Designers of programming languages must deal with three problems [Horowitz, 1994]:

• The representation provided by the language must fit the hardware and the software at the same time.

• The language must provide a good nomenclature for the description of algorithms.

• The language must serve as a tool to manage program complexity.

1.1. Aspects of software quality

The software is a product, and as for every product, it has - as defined by many ([Meyer, 2000], [Horowitz, 1994] and [Liskov and Guttag, 1996]) - different quality characteristics and requirements. One of the most important goals of the programming methodology is to specify a theoretical approach for creating good quality program products. The design and the evaluation of already existing programming languages are definitely influenced by methodological considerations.

Next, characteristics of "good" software will be discussed according to the work of Bertrand Meyer [Meyer, 2000]. After that, language features will be examined for supporting the methodology - through numerous programming languages.

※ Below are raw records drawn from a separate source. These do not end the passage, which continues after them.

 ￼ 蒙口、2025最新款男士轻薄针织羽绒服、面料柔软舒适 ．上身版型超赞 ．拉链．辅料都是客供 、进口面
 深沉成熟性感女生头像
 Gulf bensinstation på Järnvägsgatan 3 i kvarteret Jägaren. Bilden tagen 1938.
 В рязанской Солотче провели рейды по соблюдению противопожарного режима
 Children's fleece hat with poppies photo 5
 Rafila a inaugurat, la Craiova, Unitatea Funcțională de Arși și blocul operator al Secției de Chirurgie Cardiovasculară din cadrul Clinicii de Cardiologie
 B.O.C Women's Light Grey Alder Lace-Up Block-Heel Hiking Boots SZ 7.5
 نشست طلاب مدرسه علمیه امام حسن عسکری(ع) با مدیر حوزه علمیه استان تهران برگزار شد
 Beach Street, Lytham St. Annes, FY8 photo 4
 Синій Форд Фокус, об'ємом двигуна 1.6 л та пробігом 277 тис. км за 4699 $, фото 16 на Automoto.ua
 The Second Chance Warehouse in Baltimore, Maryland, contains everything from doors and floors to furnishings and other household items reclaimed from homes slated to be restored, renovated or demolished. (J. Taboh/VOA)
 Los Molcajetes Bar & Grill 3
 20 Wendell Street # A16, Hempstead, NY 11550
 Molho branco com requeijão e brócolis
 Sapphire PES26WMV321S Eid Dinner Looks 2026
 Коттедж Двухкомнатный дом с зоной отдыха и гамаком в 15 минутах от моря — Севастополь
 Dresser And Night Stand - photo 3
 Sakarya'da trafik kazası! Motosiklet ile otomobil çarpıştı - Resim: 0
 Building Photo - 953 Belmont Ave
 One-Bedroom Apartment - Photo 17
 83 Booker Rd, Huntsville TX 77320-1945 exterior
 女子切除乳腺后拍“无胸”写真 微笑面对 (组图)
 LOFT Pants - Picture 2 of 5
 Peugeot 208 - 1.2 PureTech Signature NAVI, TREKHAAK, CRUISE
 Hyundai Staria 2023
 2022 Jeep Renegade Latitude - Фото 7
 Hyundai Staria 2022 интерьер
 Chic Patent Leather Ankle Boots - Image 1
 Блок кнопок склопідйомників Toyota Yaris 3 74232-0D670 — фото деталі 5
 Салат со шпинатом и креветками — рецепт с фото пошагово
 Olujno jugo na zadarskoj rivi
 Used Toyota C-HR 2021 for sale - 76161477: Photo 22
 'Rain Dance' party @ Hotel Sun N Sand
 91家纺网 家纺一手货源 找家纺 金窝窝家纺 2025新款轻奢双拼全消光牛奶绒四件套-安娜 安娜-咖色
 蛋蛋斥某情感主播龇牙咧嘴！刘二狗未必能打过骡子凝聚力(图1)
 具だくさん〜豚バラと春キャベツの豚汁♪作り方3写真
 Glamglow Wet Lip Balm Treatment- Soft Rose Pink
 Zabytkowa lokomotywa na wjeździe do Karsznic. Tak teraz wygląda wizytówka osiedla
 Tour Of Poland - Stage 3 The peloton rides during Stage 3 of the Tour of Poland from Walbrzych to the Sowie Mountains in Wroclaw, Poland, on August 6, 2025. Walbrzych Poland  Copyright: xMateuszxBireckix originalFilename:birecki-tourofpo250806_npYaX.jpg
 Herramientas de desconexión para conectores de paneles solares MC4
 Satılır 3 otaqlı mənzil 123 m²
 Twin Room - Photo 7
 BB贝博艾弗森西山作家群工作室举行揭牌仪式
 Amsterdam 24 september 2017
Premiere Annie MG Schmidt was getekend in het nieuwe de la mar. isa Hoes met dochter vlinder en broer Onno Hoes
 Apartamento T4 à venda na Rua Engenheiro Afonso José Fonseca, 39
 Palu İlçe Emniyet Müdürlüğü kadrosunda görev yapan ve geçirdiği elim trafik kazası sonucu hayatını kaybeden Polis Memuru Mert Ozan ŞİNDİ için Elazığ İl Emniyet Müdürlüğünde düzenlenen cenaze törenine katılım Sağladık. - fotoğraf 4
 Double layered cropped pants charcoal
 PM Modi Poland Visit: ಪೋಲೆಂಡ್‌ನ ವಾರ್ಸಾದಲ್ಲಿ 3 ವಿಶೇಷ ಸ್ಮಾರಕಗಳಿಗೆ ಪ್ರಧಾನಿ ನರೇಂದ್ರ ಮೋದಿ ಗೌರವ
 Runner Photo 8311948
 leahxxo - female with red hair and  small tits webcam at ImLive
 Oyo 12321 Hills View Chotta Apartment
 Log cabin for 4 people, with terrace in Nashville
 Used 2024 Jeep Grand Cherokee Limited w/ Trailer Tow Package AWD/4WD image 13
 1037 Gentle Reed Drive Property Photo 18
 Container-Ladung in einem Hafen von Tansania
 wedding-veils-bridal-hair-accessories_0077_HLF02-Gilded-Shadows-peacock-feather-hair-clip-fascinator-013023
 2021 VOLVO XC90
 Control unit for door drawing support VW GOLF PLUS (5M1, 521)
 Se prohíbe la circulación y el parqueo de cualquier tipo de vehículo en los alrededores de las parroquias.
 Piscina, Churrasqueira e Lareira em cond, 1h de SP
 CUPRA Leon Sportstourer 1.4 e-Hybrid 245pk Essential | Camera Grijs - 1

Software quality is influenced by many factors. One part of these - such as reliability, speed, or ease of use - are basically perceived by the user of the program. Others - such as how easy it is to reuse some parts of it for a different, but similar problem - affect program developers.

1.1.1. Correctness

Correctness of the program product means that the program solves exactly the problem and fits the desired specification. This is the first and most important criterion, since if a program is not working like it should, other requirements do not really count. The elementary basis for this is the precise and the most complete specification.

1.1.2. Reliability

(16)

A program is called reliable if it is correct, and abnormal - not described in the specification - circumstances do not lead to catastrophe, but are handled in some "reasonable" way.

This definition shows, that reliability is by far not as a precise notion as correctness. One could say, of course with a more specific specification reliability would mean correctness exactly, but in practice there are always cases which are not covered by specification explicitly. That is why reliability is of high priority for the program product quality.

1.1.3. Maintainability

Maintainability refers to how easy it is to adjust the program product to specification changes.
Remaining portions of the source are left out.